Shortest Dev Time + 100% Compatibility
In terms of error handling, we have no guarantee that each tuple will contain the same data type for each position, nor the size of tuple, for that matter. It's possible to leverage Pandas to convert rows to a DataFrame, then use from_pandas - this way we could be sure the incoming data is formatted correctly.
I'd go with the shortest dev time, assuming we just want matching functionality and don't care about "code purity" or performance. That brings up an interesting question about the current implementation of __init__: Would it be reasonable to replace it entirely with a Pandas DataFrame constructor followed by from_pandas... ?
@harrism does libcudf happen to have rows => table conversion already?
I don't think we have that functionality.
@kkraus14 @shwina
of the options listed above, is there any that stands out as particularly apt?
@cwharris what exactly do you mean by "row to column" format? I assume you don't mean a transpose. There is no concept of a "row" in the traditional database sense in cuDF -- everything is stored in columns. Tables are always made up of columns.

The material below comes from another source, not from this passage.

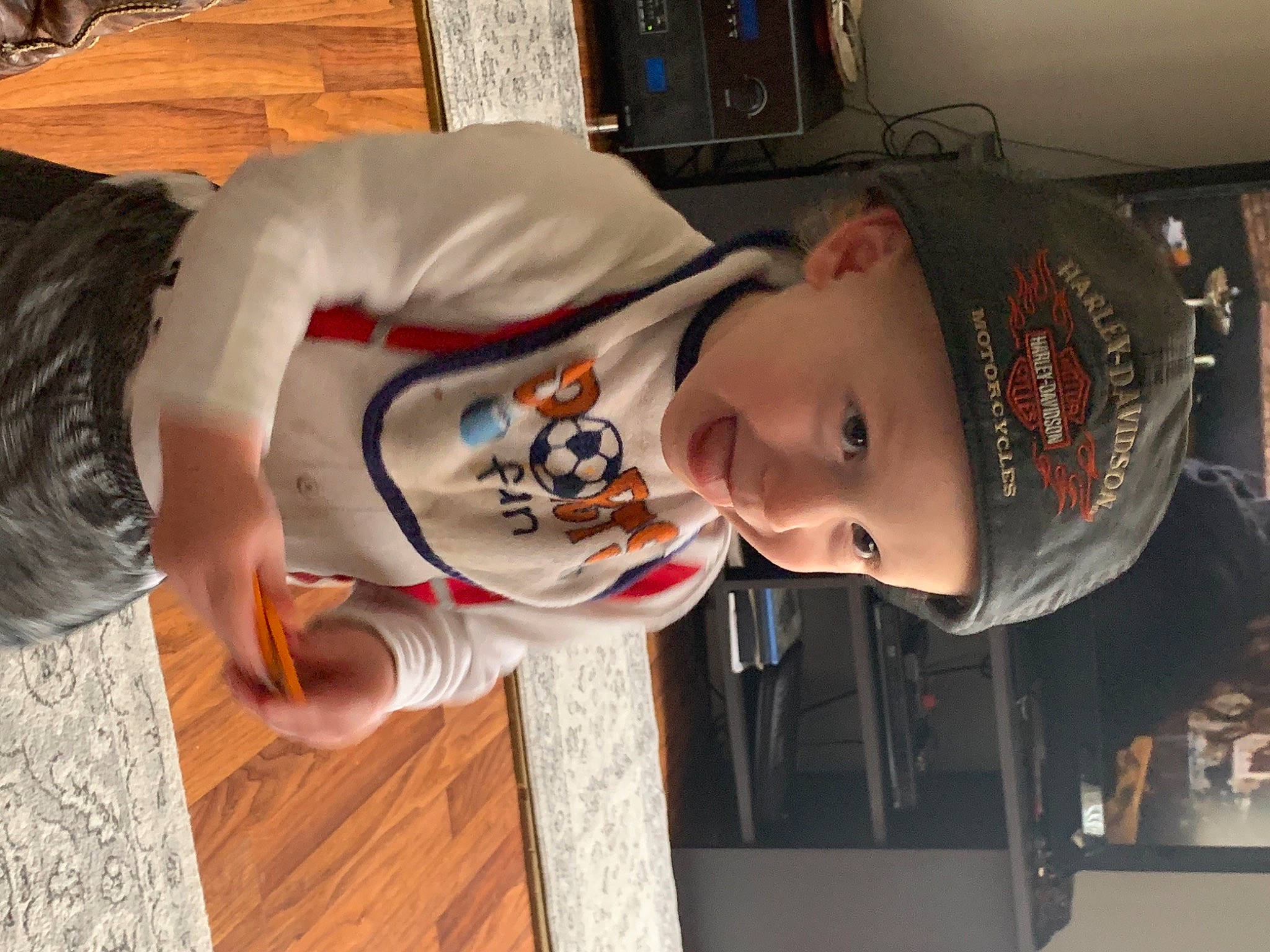 Aden joined the competition — help win amazing prizes! cap, child, flooring, fun, happy, hardwood, headwear, pattern, person, room, sleeve, smile, t_shirt, toddler, wood, wood_stain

In any case I think the shortest dev time approach is the right first step, since the request here isn't about performance, it's about compatibility. (Also, this is bug originates internally, not from an end user.)
Personally I think that no promise of performance can/should be made for the case of tuple inputs, especially given that the data is assumed to be rows in this case. I think going through Pandas in this case might be the best approach.
While we can update cudf.DataFrame.__init__ to match Pandas' behavior, the specific example given above won't work in cudf because we do not yet have nested (and therefore list-like) types #2857.
Most helpful comment
Personally I think that no promise of performance can/should be made for the case of tuple inputs, especially given that the data is assumed to be rows in this case. I think going through Pandas in this case might be the best approach.